» What is being asked:
Starting with the line containing "Fly Racing Kinetic Verdict MX Offroad Helmet" and going on through the line containing "2024 WuLing BinGuo", return the lines of the data below exactly, and only those.

===== Material supplied

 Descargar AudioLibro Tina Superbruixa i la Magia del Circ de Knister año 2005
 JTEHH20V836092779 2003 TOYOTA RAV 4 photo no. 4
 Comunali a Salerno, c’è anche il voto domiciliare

==========
===== Material supplied

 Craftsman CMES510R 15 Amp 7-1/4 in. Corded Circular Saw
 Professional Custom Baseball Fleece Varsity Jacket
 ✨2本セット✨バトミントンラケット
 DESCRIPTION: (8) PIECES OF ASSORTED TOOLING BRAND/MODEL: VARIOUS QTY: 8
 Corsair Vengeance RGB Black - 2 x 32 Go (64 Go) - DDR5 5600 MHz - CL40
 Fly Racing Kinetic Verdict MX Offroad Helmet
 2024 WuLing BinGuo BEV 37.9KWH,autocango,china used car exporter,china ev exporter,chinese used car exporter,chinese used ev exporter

==========
===== Material supplied

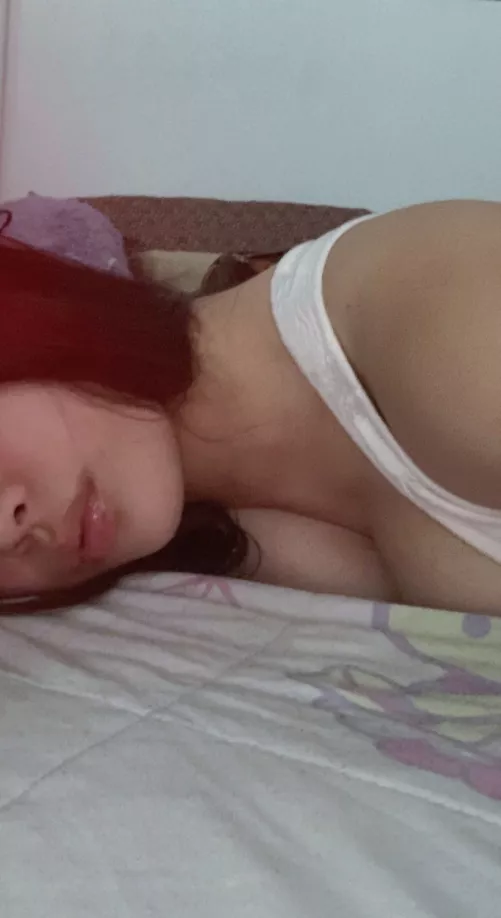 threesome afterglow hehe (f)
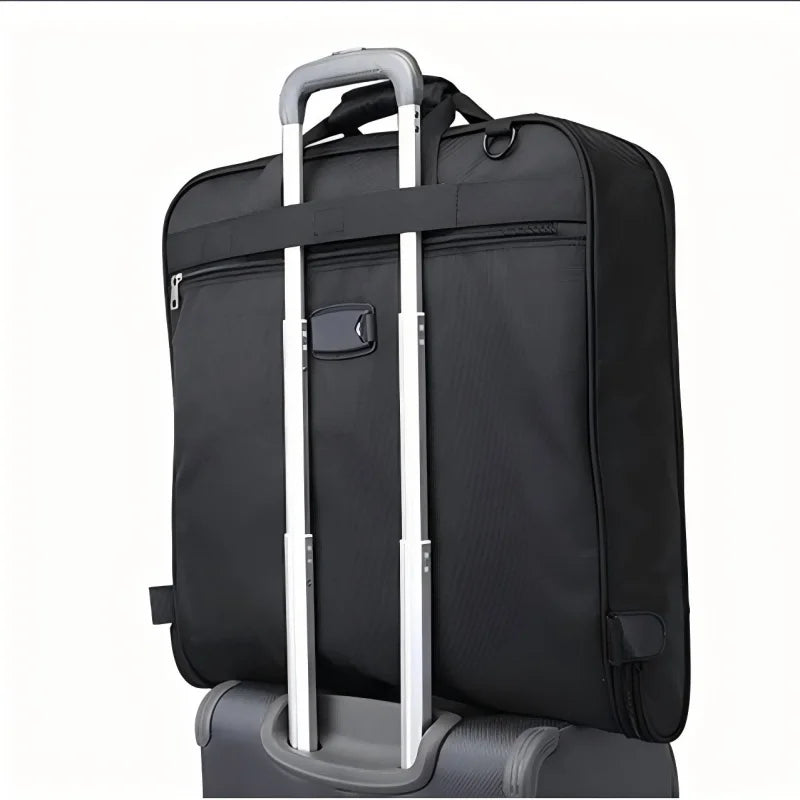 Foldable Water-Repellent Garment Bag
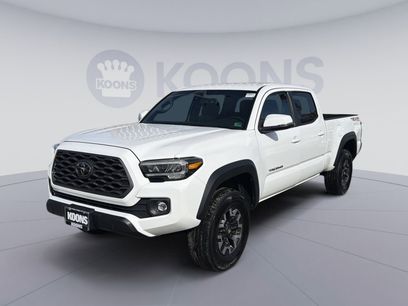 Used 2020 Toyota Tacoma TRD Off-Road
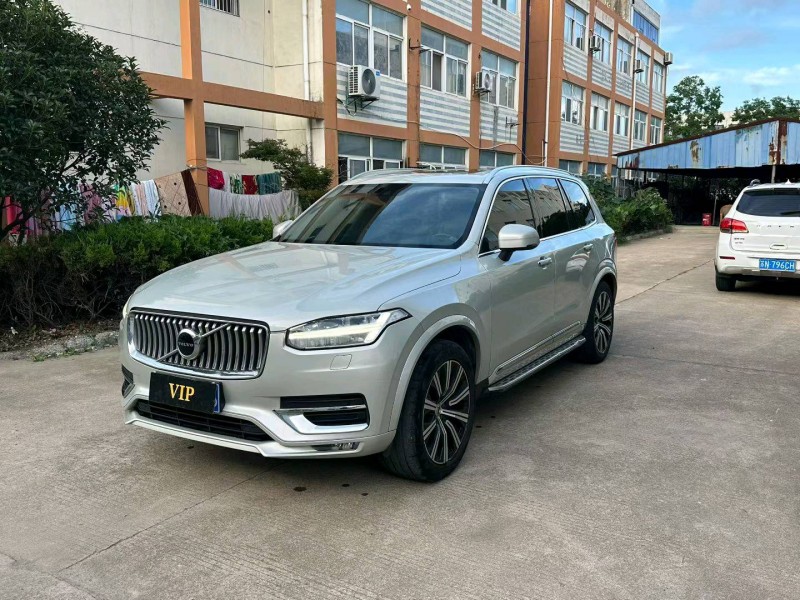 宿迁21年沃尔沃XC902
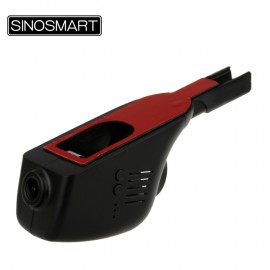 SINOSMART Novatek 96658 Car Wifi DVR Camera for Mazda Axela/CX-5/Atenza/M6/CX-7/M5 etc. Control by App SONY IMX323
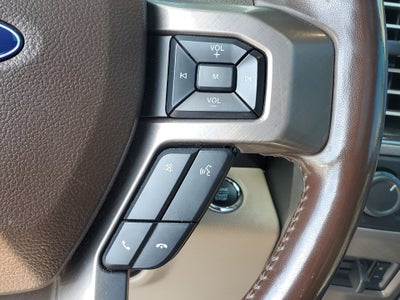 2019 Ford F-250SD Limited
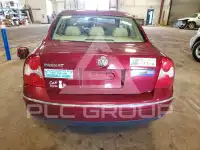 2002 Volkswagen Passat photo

==========

» Result:
 Fly Racing Kinetic Verdict MX Offroad Helmet
 2024 WuLing BinGuo BEV 37.9KWH,autocango,china used car exporter,china ev exporter,chinese used car exporter,chinese used ev exporter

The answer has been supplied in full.